-- Records to process follows --

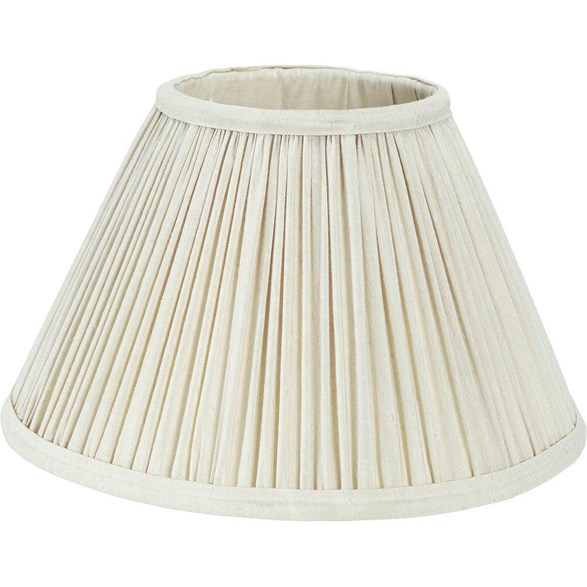 Stella lampskärm, Ivory 25cm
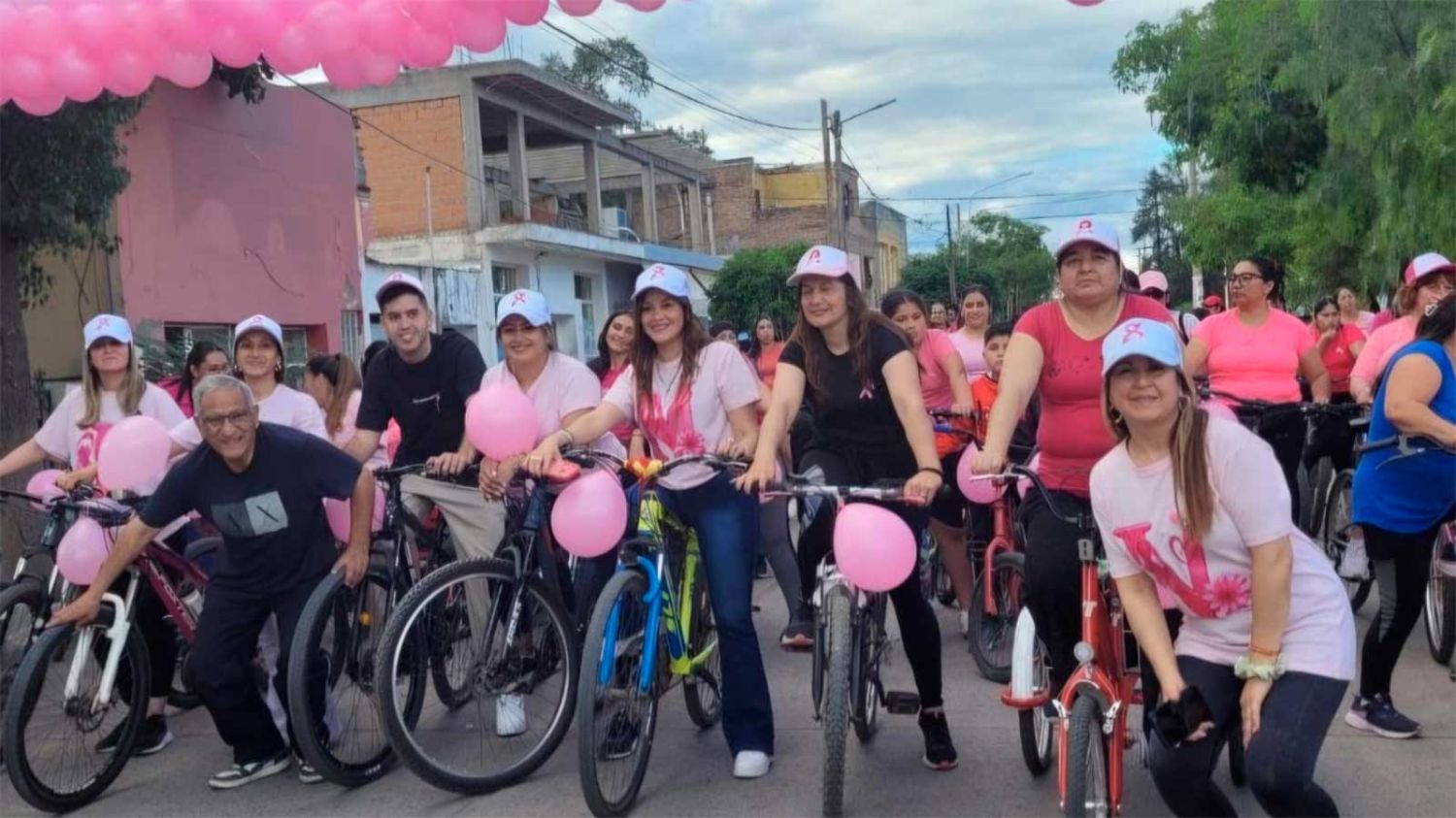 Bicicleteada por el cáncer de mama en Loreto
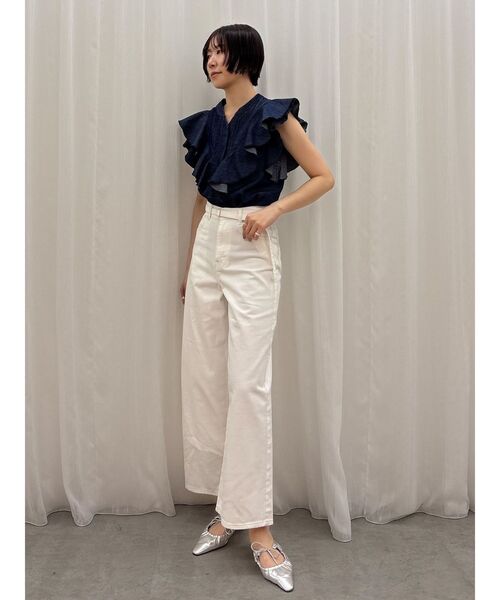 Lee（リー） ジーンズ デニム デニムパンツ 「Leeコラボ」ハイライズ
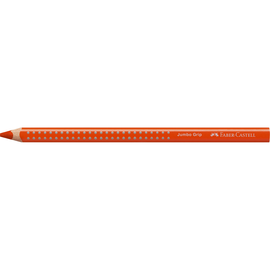 Farbstift mit Noppen JUMBO GRIP dreikant kadmiumorange dunkel Faber Castell 110915 Produktbild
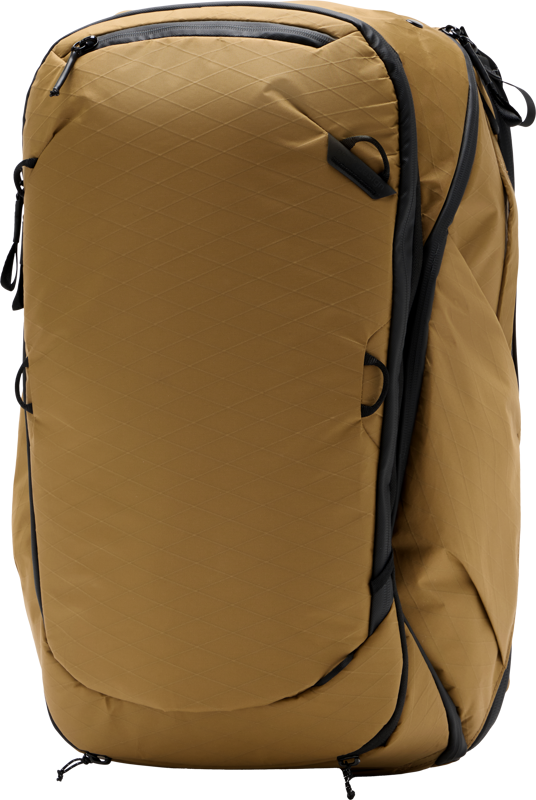 800q-02_127965 Peak Design Travel Backpack 45L -kamerareppu, ruskea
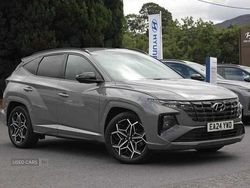 Grey Used 2024 Hyundai Tucson N Line SUV | £23,962 (A bit pricey)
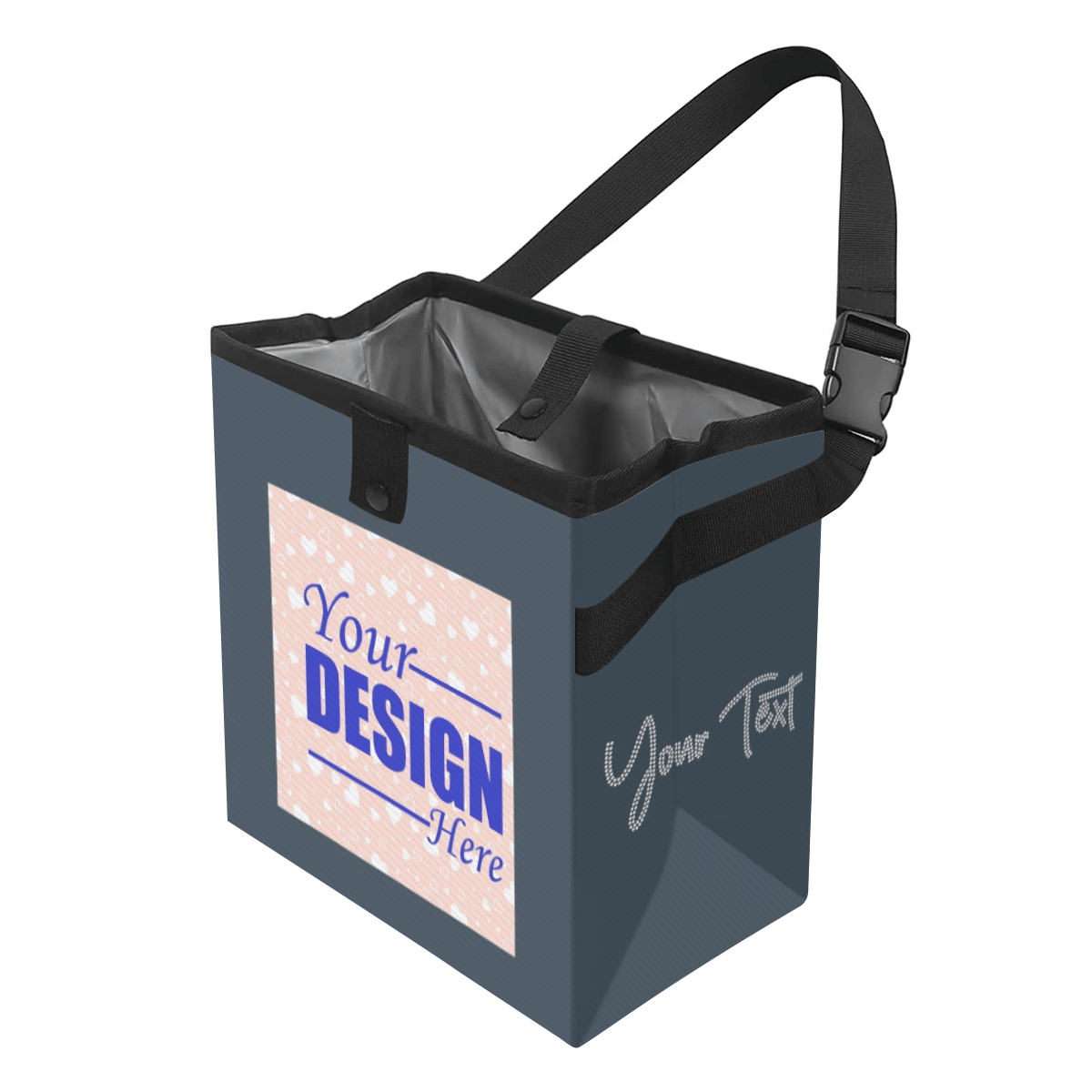 Car Trash Bin – Custom Design - Storage - BuyEcEc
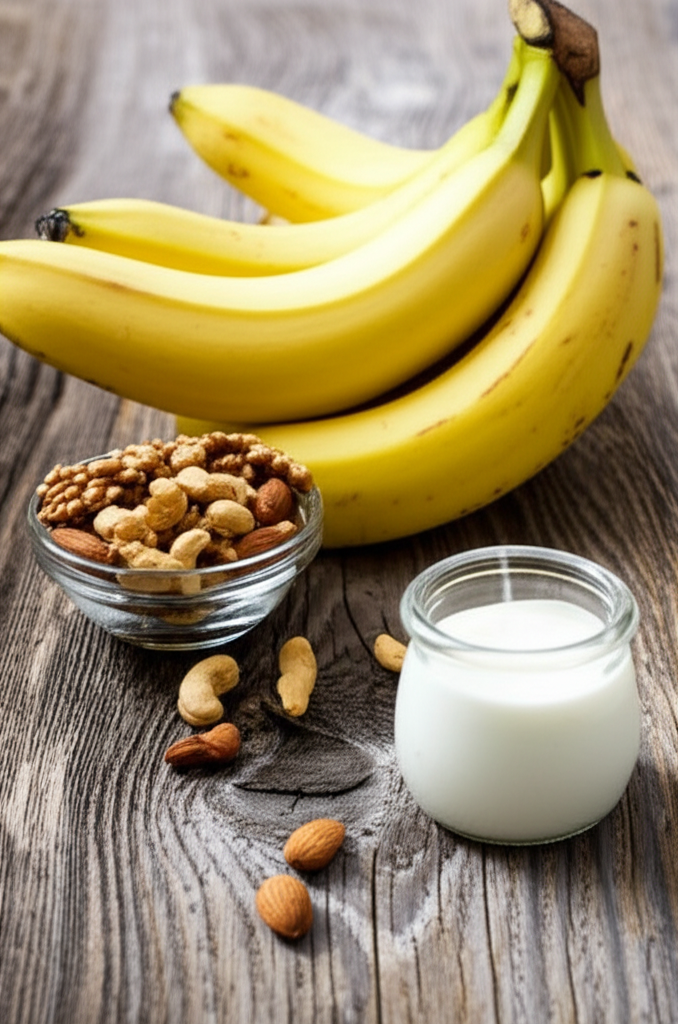 Healthy snacks before bed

-- Records to process concluded --

* **Exercise objective**
Copy the listing exactly. Leave the pictures out.

* **Solution for this task**
 Stella lampskärm, Ivory 25cm
 Bicicleteada por el cáncer de mama en Loreto
 Lee（リー） ジーンズ デニム デニムパンツ 「Leeコラボ」ハイライズ
 Farbstift mit Noppen JUMBO GRIP dreikant kadmiumorange dunkel Faber Castell 110915 Produktbild
 800q-02_127965 Peak Design Travel Backpack 45L -kamerareppu, ruskea
 Grey Used 2024 Hyundai Tucson N Line SUV | £23,962 (A bit pricey)
 Car Trash Bin – Custom Design - Storage - BuyEcEc
 Healthy snacks before bed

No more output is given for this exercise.